As you can imagine, turning atmospheric CO2 into gasoline takes a huge amount of energy. In this process, the energy inputs are in the form of heat and electricity. Lots of both.

The electricity could come from a number of sources, but the process is most effective if the electricity supply is steady, which effectively limits it to nuclear. That's just as well, though, because the CO2 capture requires spraying a potassium-carbonate solution into an air stream. That requires something very much like a wet cooling tower, so the wet cooling tower for the nuclear plant can do double duty as a CO2 collector.

Once the CO2 is collected, it can be extracted from the solution by an electrolytic process, originated by Martin and Kubic. They claim that this is their chief innovation and that all the other features of the process are standard to the chemical industry.

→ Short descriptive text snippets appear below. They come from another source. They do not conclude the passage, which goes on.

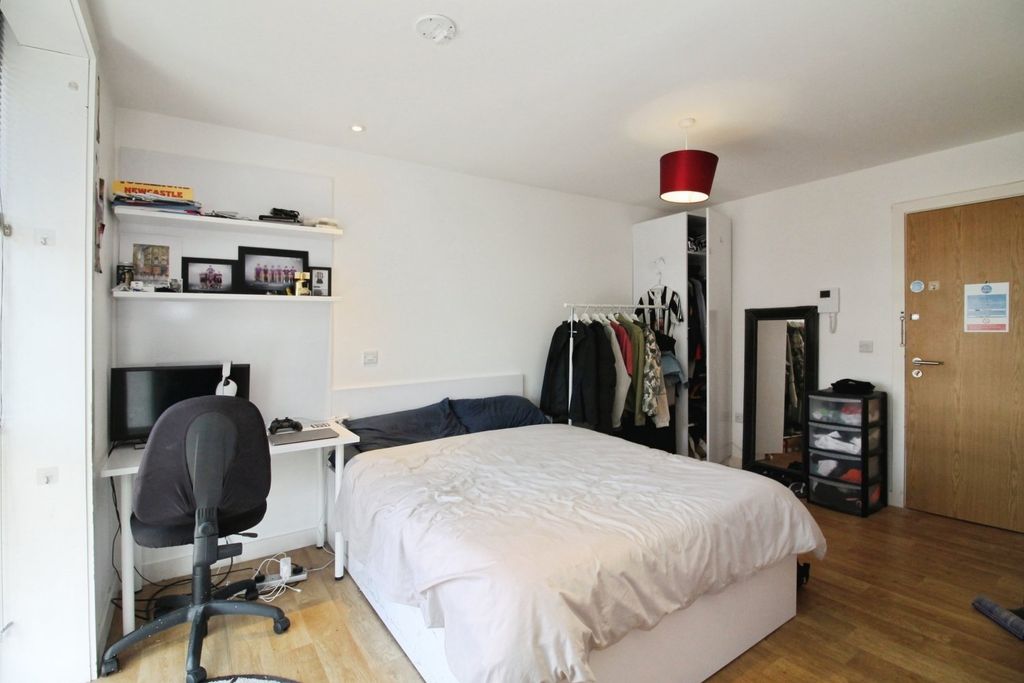 Property photo 3 of 11 Picture No. 05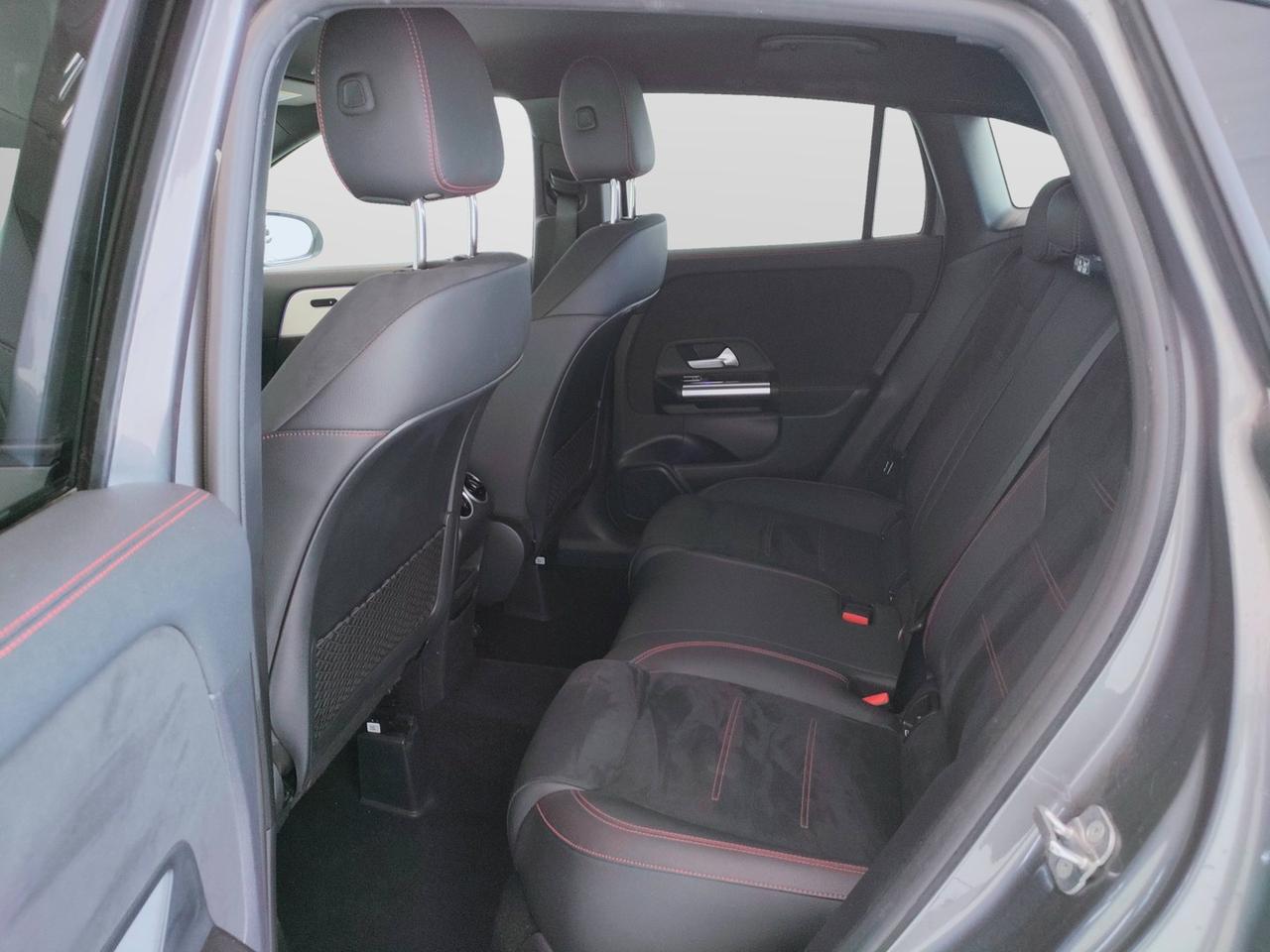 Mercedes-Benz GLA-H247 2023 - GLA 200 d AMG Line Advanced Plus 4matic auto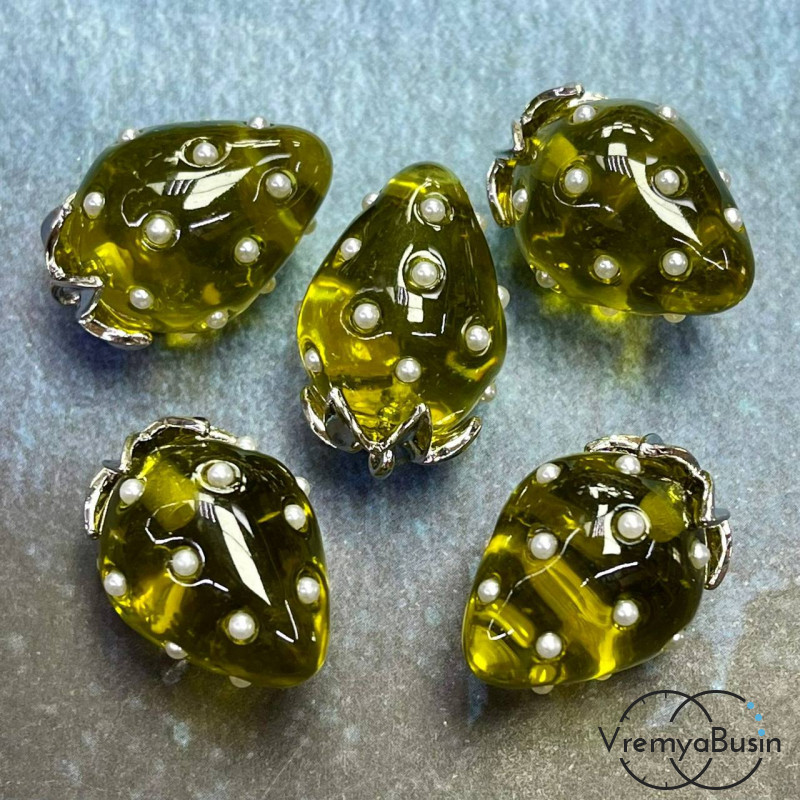 Подвеска из смолы с жемчужинками «Клубничка», ок. 16х24 мм, латунь с родиевым покрытием, цв. оливковый   (1 шт.)’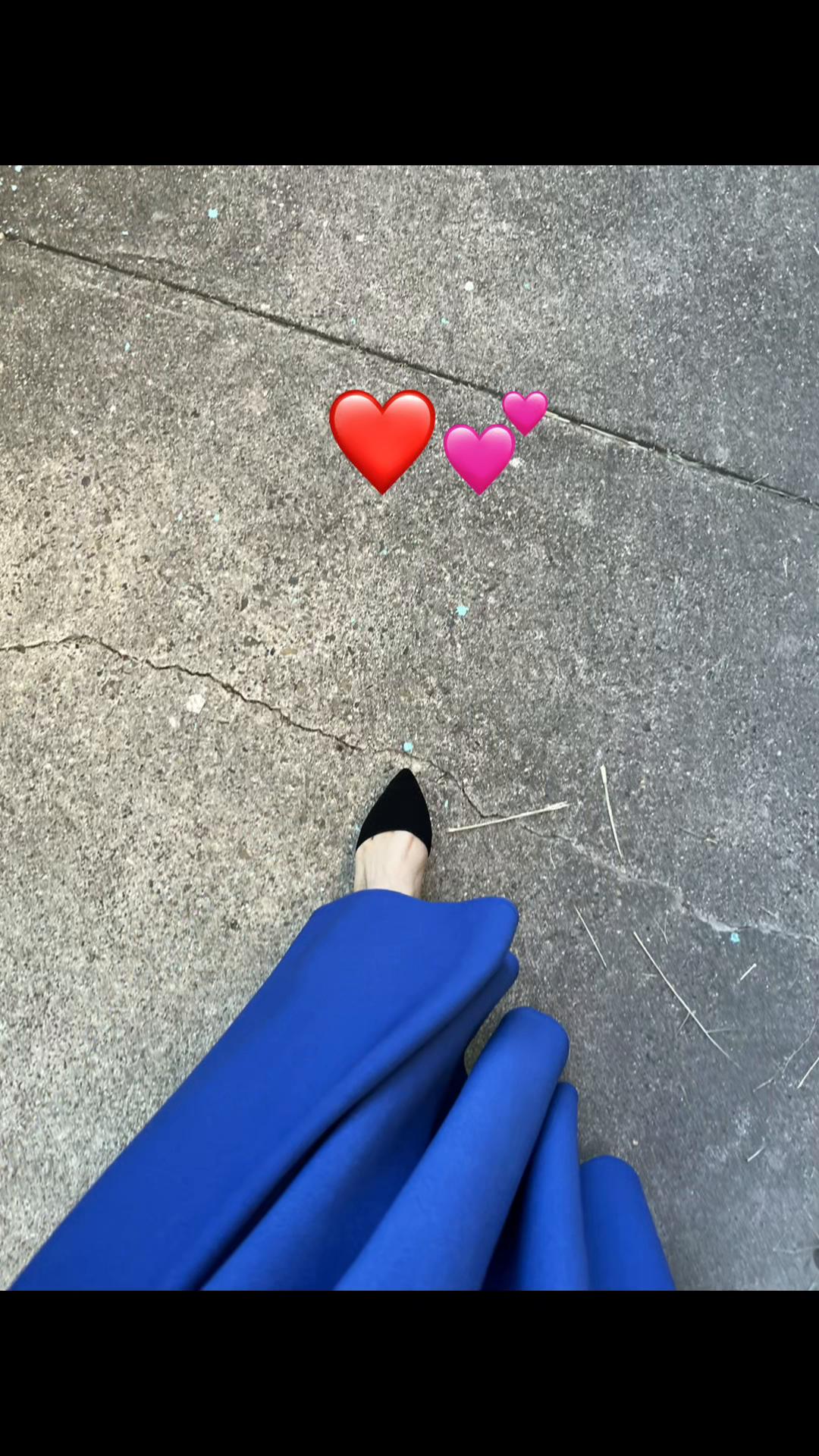 @ANI🖤👑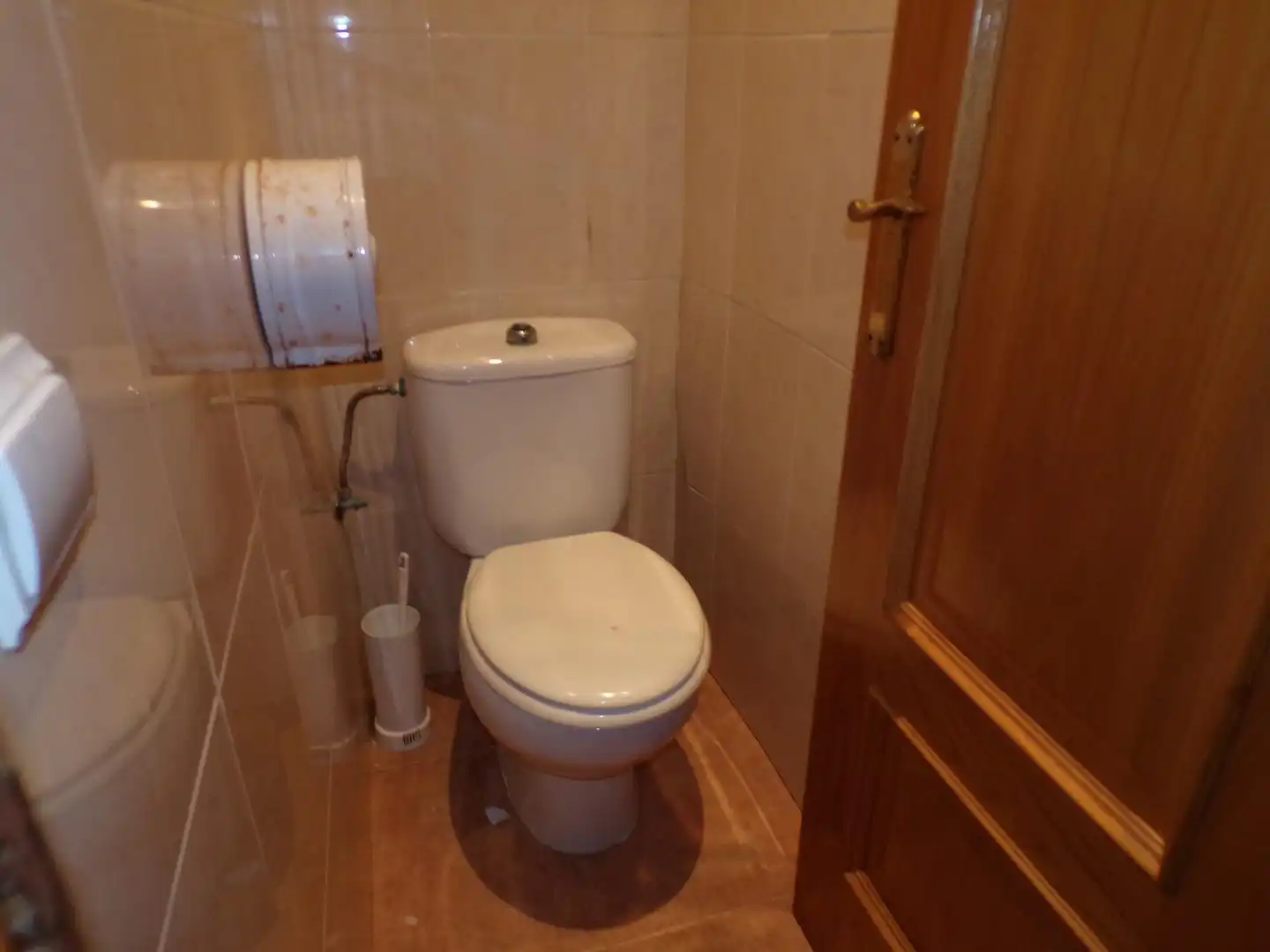 Bathroom of Commercial properties for sale in Castellón de la Plana / Castelló de la Plana  with Air Conditioner, Terrace and Furnished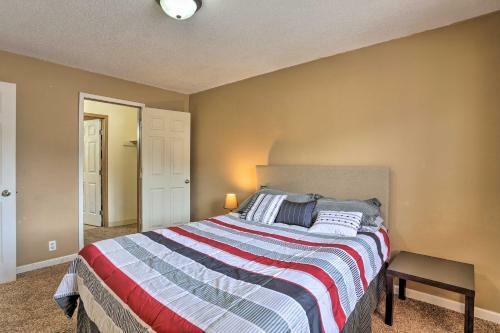 Apartamento Convenient Lead Condo With Deck And Town Views!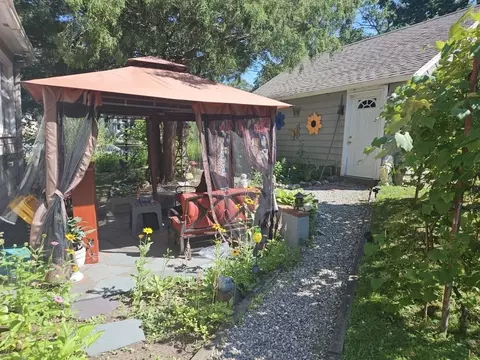 779 Dickinson, Springfield, MA 01108 photo 3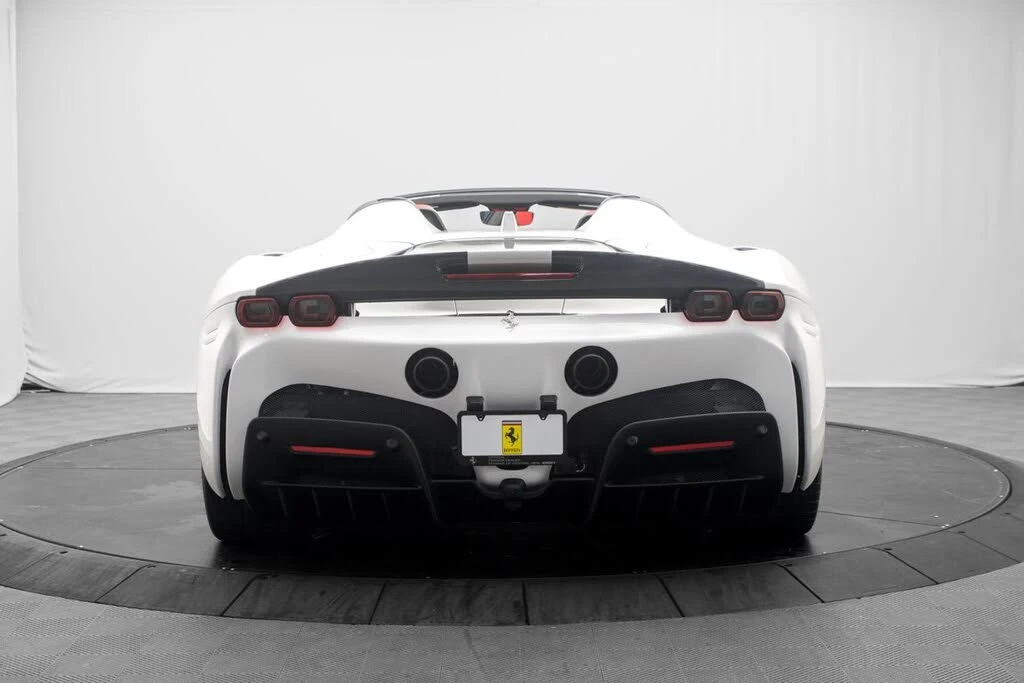 2022 Ferrari SF90 Spider - Image 4 of 31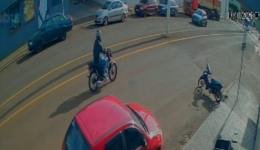 Colisão entre moto e carro deixa jovem gravemente ferido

The electrolytic process is more energy-efficient than other means of separating the CO2, and generates hydrogen at the same time, reducing the amount of hydrogen that has to be generated elsewhere.

In their baseline design, Martin and Kubic propose to use water electrolysis for generating the additional hydrogen needed. They chose this because nuclear plants in the US are all capable of providing the electricity needed. As they point out, more-recent technology can improve efficiencies substantially. Steam electrolysis consumes less energy and advanced nuclear reactors can generate hydrogen thermochemically; this last technique can be essentially 100% efficient, since the leftover heat can generate electricity.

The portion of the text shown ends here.